Behind every special design is an equally special designer! We love to celebrate the makers of fabrics and textiles who are integral for bringing our interior designs together. Seema Krish is one of them and her design philosophy is about ‘bringing life into living’. You will find Seema Krish’s ‘Tribeca’ Cherry Lane Red fabric adorning a headboard at Charlotte Street Hotel and at Number Sixteen, we have upholstered a headboard with Seema Krish’s ‘Breach Candy’ Rani Pink fabric.
Her heirloom textiles blend a refined modernity with traditional craftsmanship and extraordinary colour. Based in San Francisco, she finds inspiration for her unique visual vocabulary from living between both eastern and western cultures. It’s our pleasure to introduce you to Seema as we ‘Meet The Maker’.
What would you like people to feel when they see your designs?

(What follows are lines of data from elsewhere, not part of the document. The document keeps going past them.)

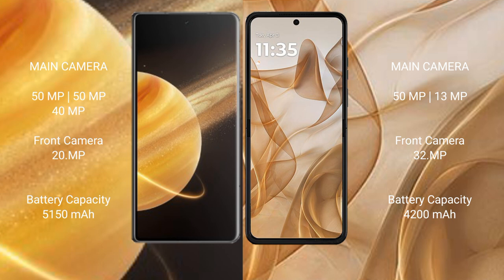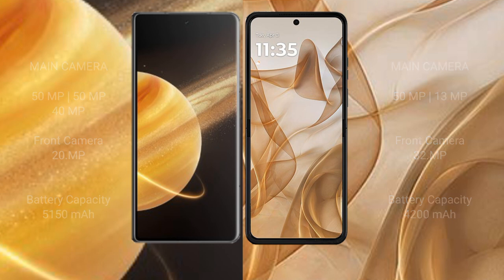Honor Magic V3 has a 5150mAh battery with 66W fast charging support. Motorola Razr 50 has a 4300mAh battery with 33W fast charging support.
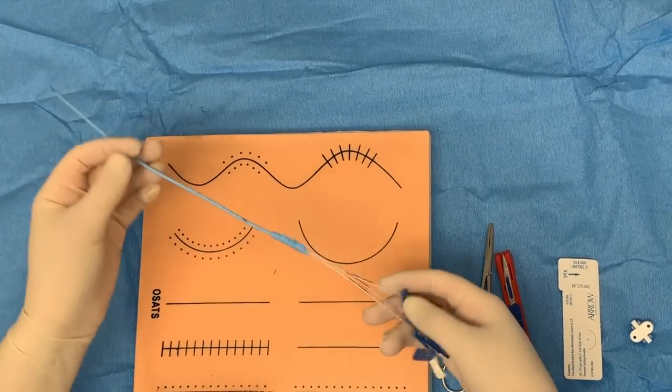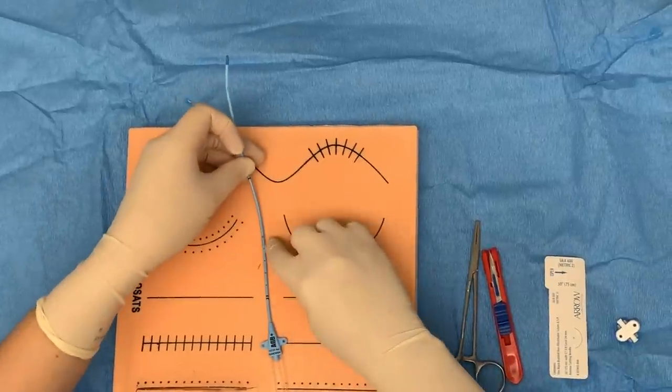Here is our triple lumen catheter and it's going to go to the 15th mark.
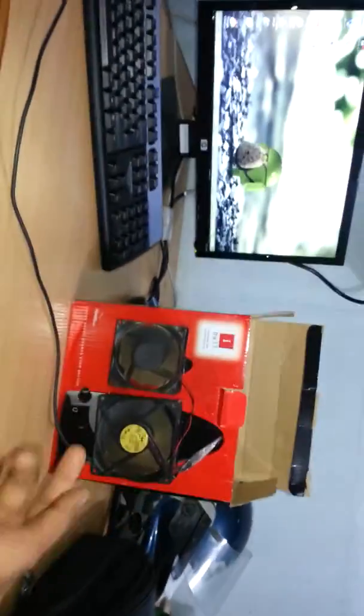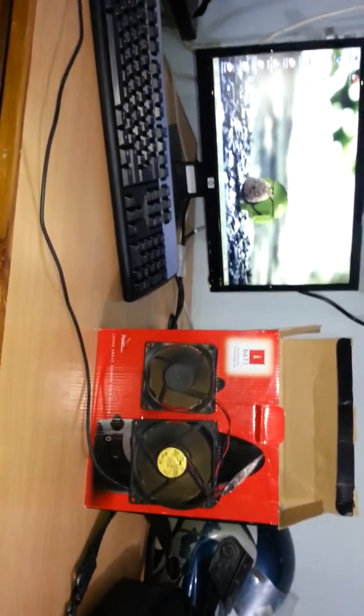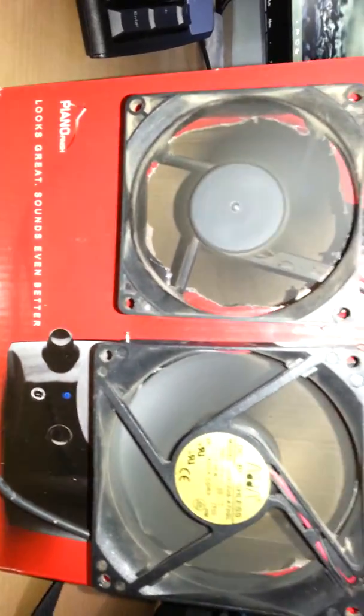It's cool! That's my new mini AC, or you can say cooler. See, the fan is rotating.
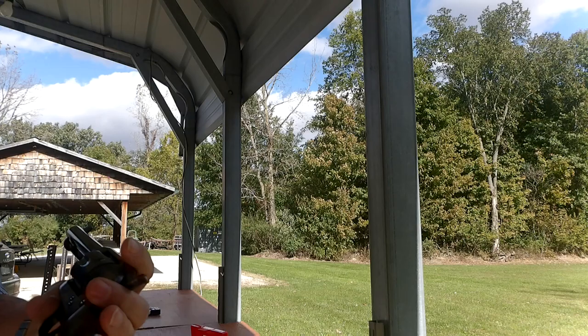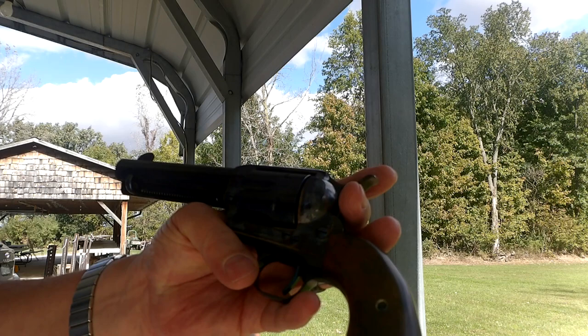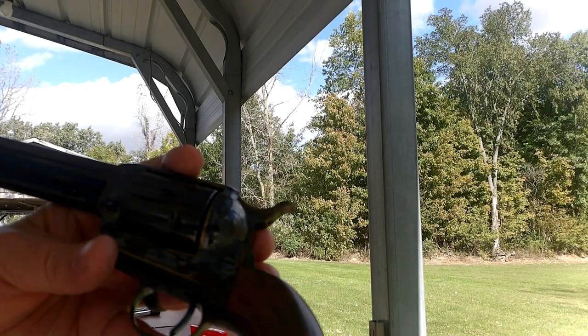This is a Standard Manufacturing single action revolver, four and three-quarter inch. One of the most beautiful single actions I've ever had in my hand. Color case hardening is beautiful. The wood is just exquisite. They've done such a beautiful job on this. All the screws are regulated, everything going the same direction.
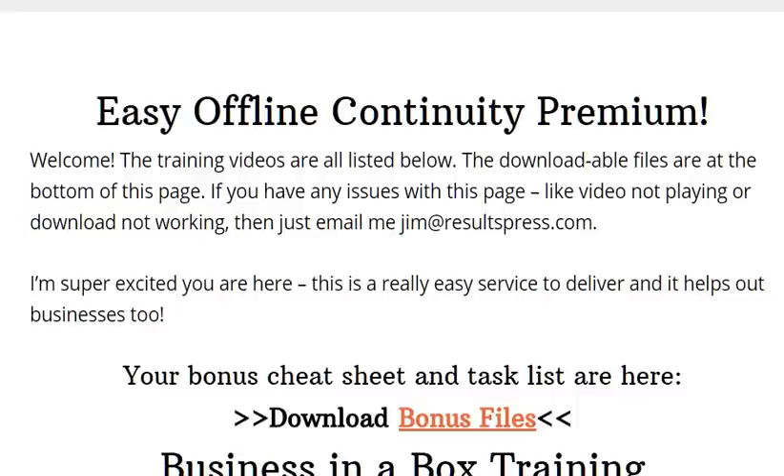Good morning, everybody. This is Bruce New Media, and I want to welcome you to my quick review page and video of a new program called Easy Offline Continuity.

I would like them to appreciate the beauty and nuance of handcraft. Historically, textiles speak of cultures and traditions of communities and are a material representation of history, memory, and place. When people interact with my designs and textiles, I want them to be transported to places from their travels and memories.

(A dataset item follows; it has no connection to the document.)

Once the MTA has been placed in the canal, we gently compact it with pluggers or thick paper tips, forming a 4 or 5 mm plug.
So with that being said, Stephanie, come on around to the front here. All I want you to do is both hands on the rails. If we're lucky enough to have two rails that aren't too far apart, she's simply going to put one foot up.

How did you begin working with textiles and what pushed you to create such beautiful designs?
I was always interested in art and drawing from my younger days growing up in Bombay. I pursued an education in design, first in Bombay and then in New York City at the Fashion Institute. During my Foundation Art programme, I fell in love with textiles.
After completing my education, I was fortunate to work with the innovative Japanese textile company ‘Nuno Corporation’. This experience opened my mind to the expansive possibilities of textiles. After spending five years with Nuno, I moved back to India to learn about Indian textiles and craft heritage. I established a weaving studio and was immersed in the traditional craft ecosystem. I continued to make textiles for Nuno from India. I consulted with several Bangalore based weaving mills and I engaged with various craft communities through craft-revival projects with the Indian government.

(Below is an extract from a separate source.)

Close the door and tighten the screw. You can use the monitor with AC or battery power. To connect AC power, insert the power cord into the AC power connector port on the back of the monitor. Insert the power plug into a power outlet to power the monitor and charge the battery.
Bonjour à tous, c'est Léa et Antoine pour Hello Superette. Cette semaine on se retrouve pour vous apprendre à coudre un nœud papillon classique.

After several years, I relocated back to the USA and started a position with ‘Robert Allen’ as design director. Here I learned about the ‘business’ of textiles. This work experience prepared me to launch my textile line. I was missing the handmade and craft aspect of textiles and that prompted me to launch my own collection which is mission-driven to preserve and promote Indian handicrafts. The application of craft and the hands of the many craftspeople provide depth and beauty to my textiles.
We love how you mix between hand-printed-block designs and embroidery. What is your design process?
My design process begins with conceiving a place or city to centre the collection around. From there, I pull inspiration, words and memories related to the place and start sketching and painting the patterns, which are then put into repeats digitally. After that, in the studio, we start thinking about the making techniques to create the most depth and dimension in the pattern. Then based on the technicalities, we decide on the kind of embroidery. This will either be made by hand, a hand-guided machine or digital. The ground cloths are made from natural fibres (cotton, linen, or wool) as sustainability is essential to us and our process. Typically, from start to finish, a design takes approximately 6-8 months to go into production.
What role does colour play when designing?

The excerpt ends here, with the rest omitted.